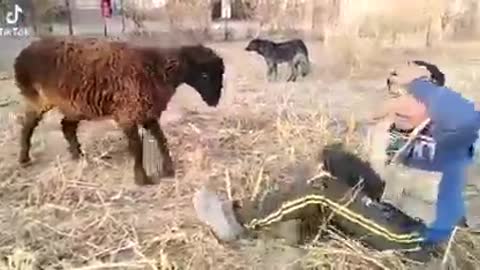 Joking with goat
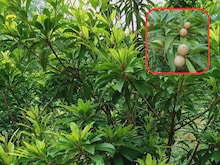 चीकू के 300 पौधे ने किसान को कर दिया मालामाल! हर साल हो रही 8 लाख की कमाई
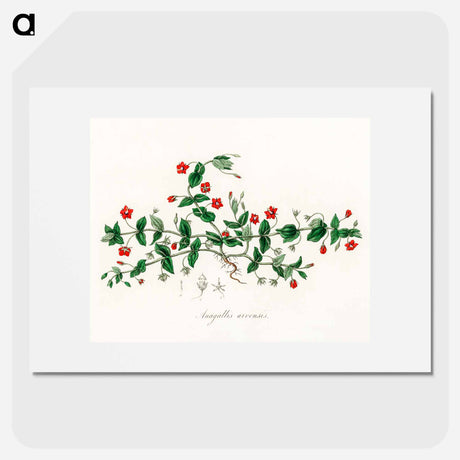 アートポスター-Scarlet Pimpernel Illustration
 - 薬用植物学 Poster.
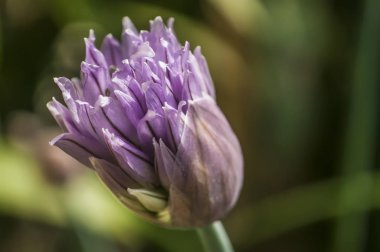 Çimen bitkisi soğanı (Allium schoenoprasum) çiçekleri. Bu çiçeğin parlak renkteki taç yapraklarının ayrıntıları.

===============

• _TASK TO CARRY OUT_:
Verbatim copy with pictures excluded: write out the records above in full.

• _TASK ANSWER_:
 Joking with goat
 चीकू के 300 पौधे ने किसान को कर दिया मालामाल! हर साल हो रही 8 लाख की कमाई
 アートポスター-Scarlet Pimpernel Illustration
 - 薬用植物学 Poster.
 Çimen bitkisi soğanı (Allium schoenoprasum) çiçekleri. Bu çiçeğin parlak renkteki taç yapraklarının ayrıntıları.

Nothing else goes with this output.